L’excitation du sectarisme et de l’intolérance, c’est aussi un affrontement sur la conception même du pouvoir présidentiel. Pour moi, un chef d’État est un chef de famille. Les chefs de famille, au masculin comme au féminin, ont souvent à prendre des décisions rudes, sans se laisser détourner de leur devoir, des décisions franches, sans se laisser impressionner par des résistances infondées. Mais il est une chose que chef de famille on n’a pas le droit de faire, c’est d’asseoir son pouvoir sur la division de la famille, de la susciter et de l’entretenir, de monter le frère contre le frère, les proches les uns contre les autres.

La ligne stratégique de Nicolas Sarkozy a constamment été, pour gagner des voix, pour mobiliser des foules d’électeurs autour de lui, de faire flamber la division dans son pays. Au service de ce choix, il a fait feu de tout bois : les partis, la gauche, la droite, la nationalité, l’origine, la religion, le vêtement, la nourriture, l’Islam toujours.

Faire de la division du pays le principe de l’action présidentielle, c’est manquer à la mission première qui est d’assurer la concorde civile, de rassembler les forces et de les ordonner pour faire face aux tempêtes. L’écriture le dit depuis la nuit des temps : « toute demeure divisée contre elle-même périra ».
C’est pourquoi, pour moi, un président qui n’est pas un rassembleur n’est pas un président.

Et cela a une traduction simplement politique. Ce qu’affirme Nicolas Sarkozy à longueur de meetings, c’est que le pouvoir qu’il ambitionne, il veut le construire contre, contre le centre indépendant, contre la gauche quelle qu’elle soit, contre ceux qui n’auraient pas voté pour lui à telle ou telle échéance, et que ce pouvoir doit s’exercer, tout le temps qu’il durera, contre ceux qu’il doit réduire et en fait soumettre.C’est le contraire de ce que je pense. Encore davantage dans les temps que nous vivons. J’affirme qu’une telle conception du pouvoir serait demain vouée à l’échec. Nous vivons une des crises les plus graves et les plus décourageantes que notre pays ait connues depuis longtemps. Six millions de Français l’éprouvent dans le chômage, tout le monde s’interroge sur les régimes sociaux, la menace terroriste est partout présente, l’éducation nationale est déstabilisée. Qui peut prétendre que ce soit par le sectarisme, appuyé sur un parti politique agressif à l’égard de tout ce qui n’est pas strictement aligné sur ses ukases, donc par définition minoritaire, qu’un exécutif, quel qu’il soit, redressera le pays ?

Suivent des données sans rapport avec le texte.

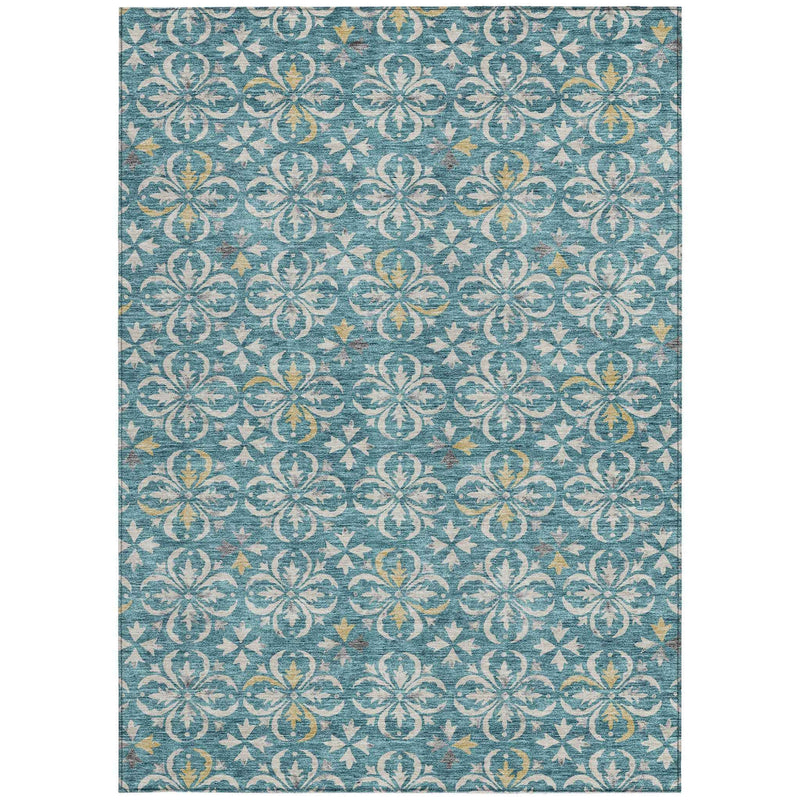 3' X 5' Teal Blue Gray And Gold Floral Washable Indoor Outdoor Area Rug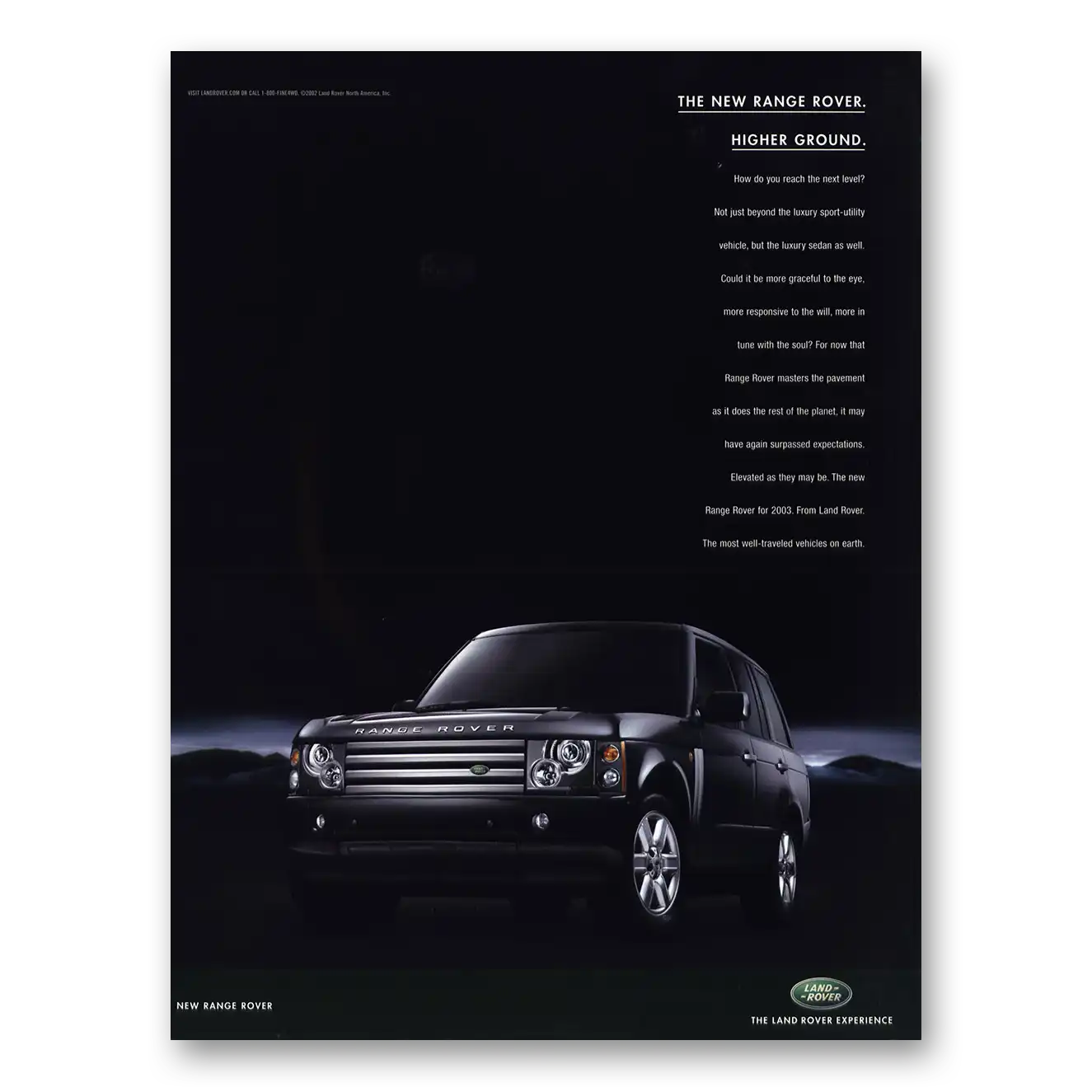 2003 Range Rover Higher Ground Reach Next Level Vintage Magazine Print Ad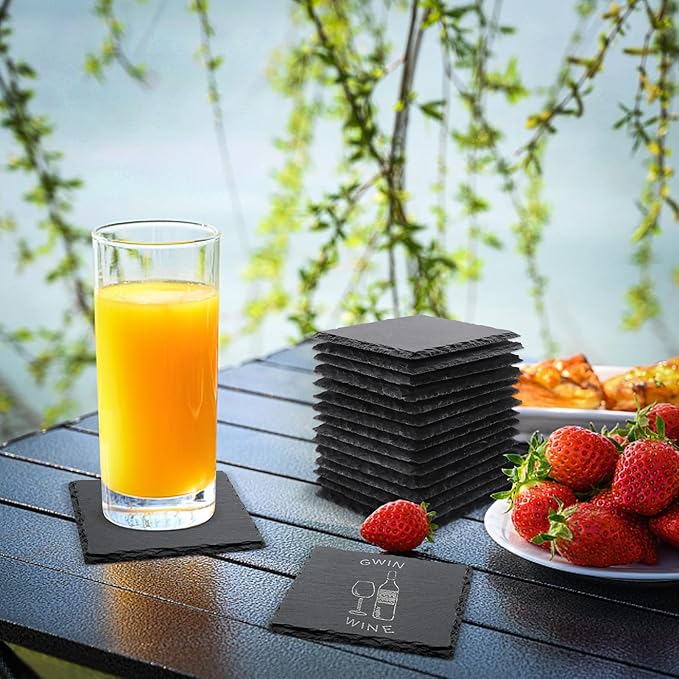 24 Pack Square Slate Drink Coasters, VIBRATITE 4 Inch Black Slate Stone Coasters Bulk Cup Coaster Laser Engraving Blanks with Anti-Scratch Bottom for Drink Coffee Bar Kitchen Home Decor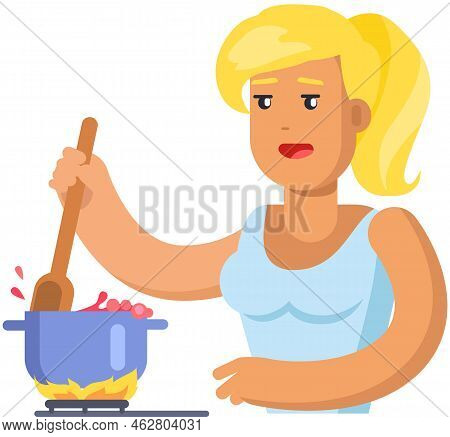 Nice Cartoon Woman In Apron Cooking Foof On Gas Stove. Mother In Kitchen Does Housework, Cooks Soup 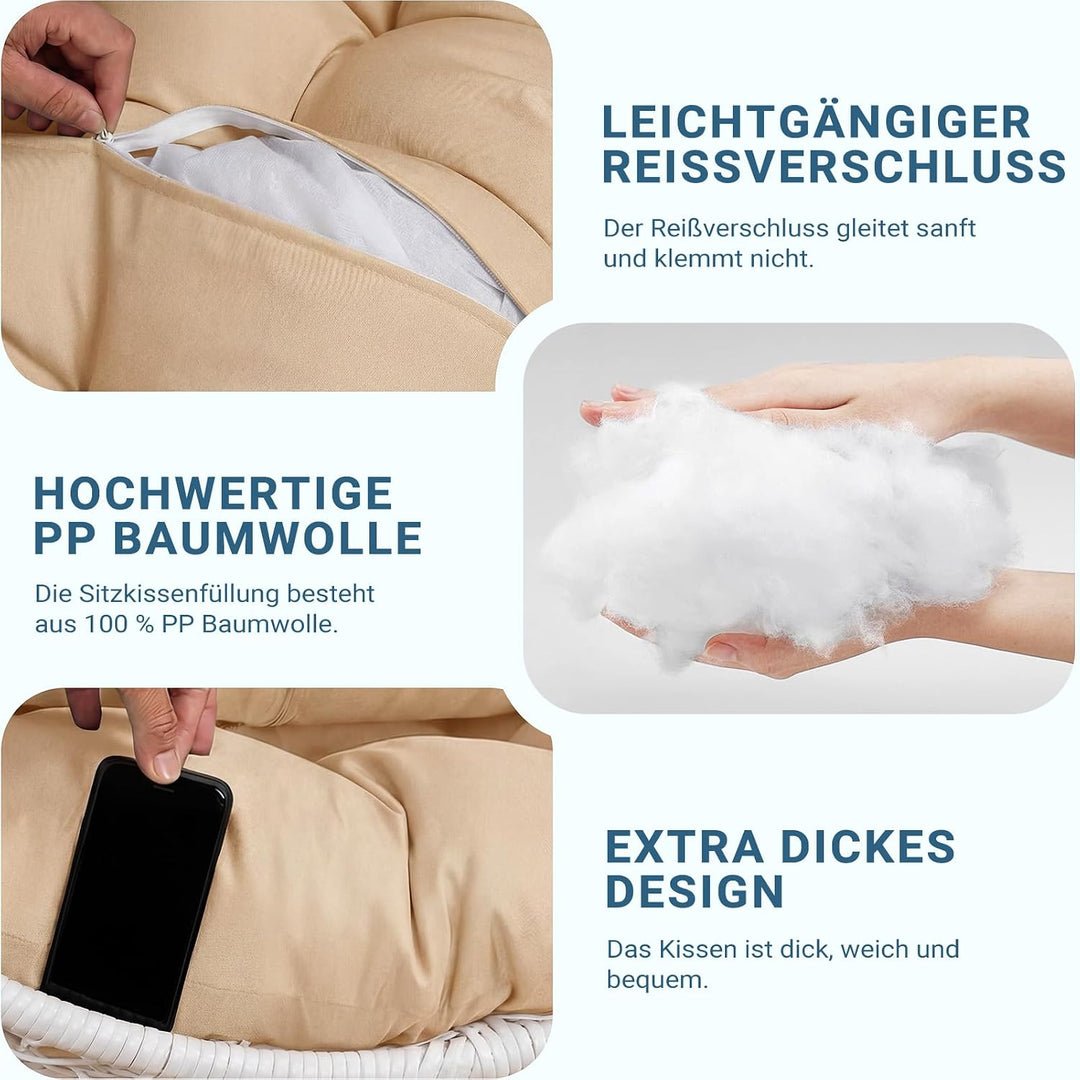 Hängesessel Kissen Ersatzkissen Outdoor: Thick Soft Polyester Sitzkissen 80x120 cm Egg Swing Cushion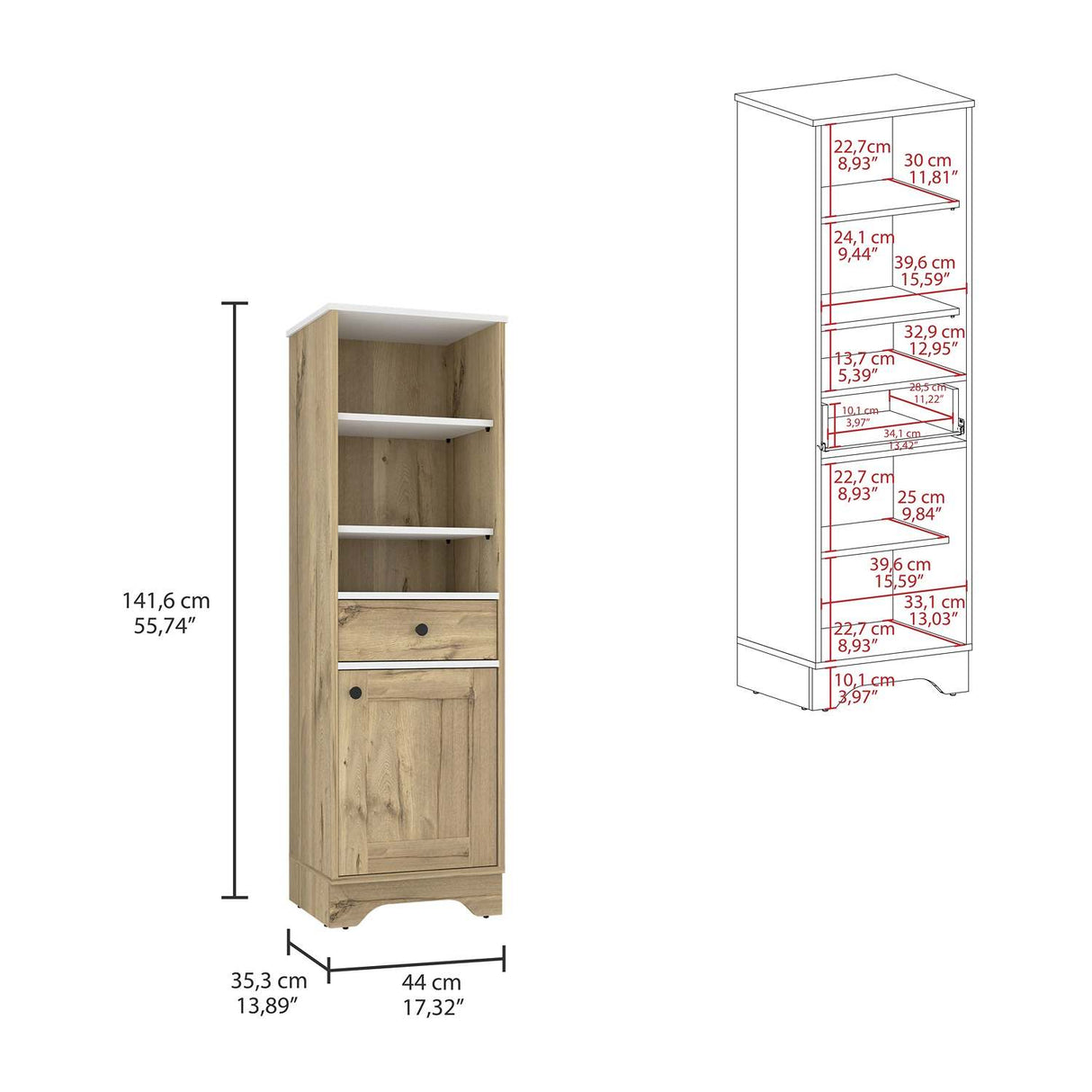 Mueble Columna para Baño Malaga Duna 33x142cm con Un Cajón y con Dos Entrepaños - Muebles para Baño | Bylmo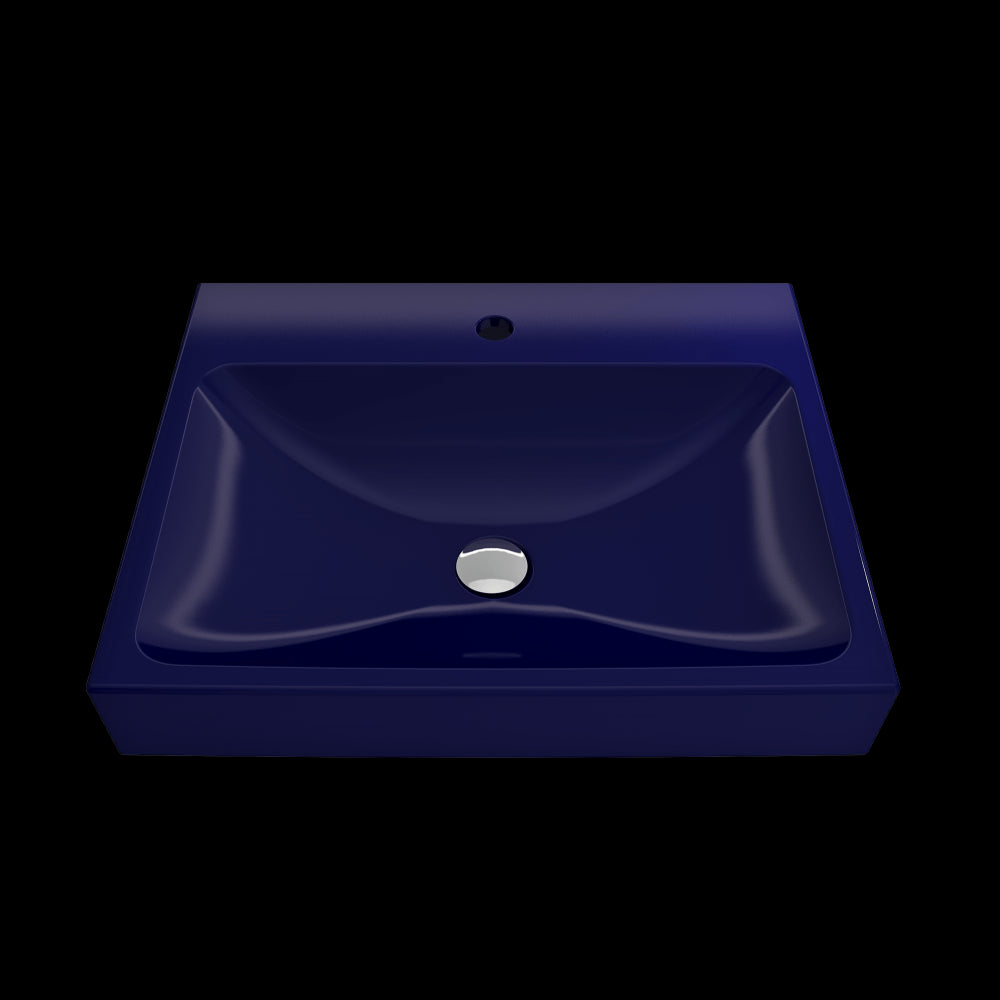 Scala Arch Wall-Mounted Sink Fireclay 23.75 in. 1-Hole in Sapphire Blue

Face à Nicolas Sarkozy j’affirme que cette ligne politique est nuisible à la France, et qu’il convient de choisir la ligne exactement inverse : trancher, oui, avancer, oui, décider oui. Mais prendre au sérieux et respecter même les autres, les grands courants du pays, même ceux avec qui on est en désaccord, même ceux que l’on a combattus ou qu’on combat, rassembler tous ceux qui acceptent de participer à la reconstruction, affirmer leur légitimité, convaincre chaque fois que nécessaire, plutôt que contraindre.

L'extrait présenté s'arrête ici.